For the grid, the shift to electric home-heating would be significant as most homes are now heated with natural gas. It would lead to an estimated increase in peak electric demand of between 56% and 156%.
In the MIT analysis’ high electrification scenario (80% of the region’s homes going to electric heat pumps by 2050), the peak residential demand alone could be comparable to the current New England system-wide peak of up to 26 gigawatts (GW).
Under this scenario, the residential sector’s peak would also shift from the summer – for summer cooling – to the winter for heating. The summer peak currently exceeds the winter by an average 1.2 GW. Under the high electrification scenario, the winter would top summer by 15 GW.
The regional numbers mask variation in some local areas. For example, less-populated regions, such as Vermont, Maine, and rural New Hampshire, would experience the greatest relative increases in peak load.

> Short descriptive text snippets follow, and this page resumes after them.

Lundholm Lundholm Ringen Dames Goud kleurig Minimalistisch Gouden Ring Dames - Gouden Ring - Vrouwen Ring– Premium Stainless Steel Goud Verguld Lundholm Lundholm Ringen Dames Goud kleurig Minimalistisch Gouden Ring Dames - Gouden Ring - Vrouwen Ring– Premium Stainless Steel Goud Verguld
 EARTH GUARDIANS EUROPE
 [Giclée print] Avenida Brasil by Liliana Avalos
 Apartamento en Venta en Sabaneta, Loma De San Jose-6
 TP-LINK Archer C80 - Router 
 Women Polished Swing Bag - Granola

The winter load, however, can be reduced through a combination of energy efficiency initiatives, demand-side management, and load flexibility or peak reduction programs.
“Building envelope improvement (adding insulation and sealing air leaks), which improves thermal efficiency, can reduce the magnitude and duration of peak electric demand, as well as annual electric demand,” the study said.
Employing demand-side measures, such as building envelope improvements under high electrification, can reduce the combined residential sector power-gas demand by 28% to 30% and yield 21% to 29% lower bulk power-gas system cost outcomes, the study calculated.
Demand flexibility programs – which can have some customers shift or defer electric use – can reduce the total system cost as much as another 6.3%.
Completely electrifying about 80% of homes in the region coupled with home-heating improvements, such as insulation, results, the study said, in the lowest combined residential power and gas demand – up to 30% lower than values in 2020, while reducing inter-annual variation in peak electricity demand.
Such a shift would also have a significant impact on greenhouse gas emissions from buildings, a sector which has lagged in reductions. While carbon dioxide emissions in the U.S. electric power sector dropped by 34% between 2005 and 2021, emissions in the building sector declined by only 18%.
Under the high adoption scenario, the MIT researchers estimate carbon dioxide emissions from New England homes would be cut 80% over 1990 levels.
“A theme of our findings is that a flexible, low-carbon electricity resource and/or low-carbon energy carrier will likely be needed to supply the energy demands of electrification cost-effectively while meeting decarbonization objectives in cold climates,” the study said.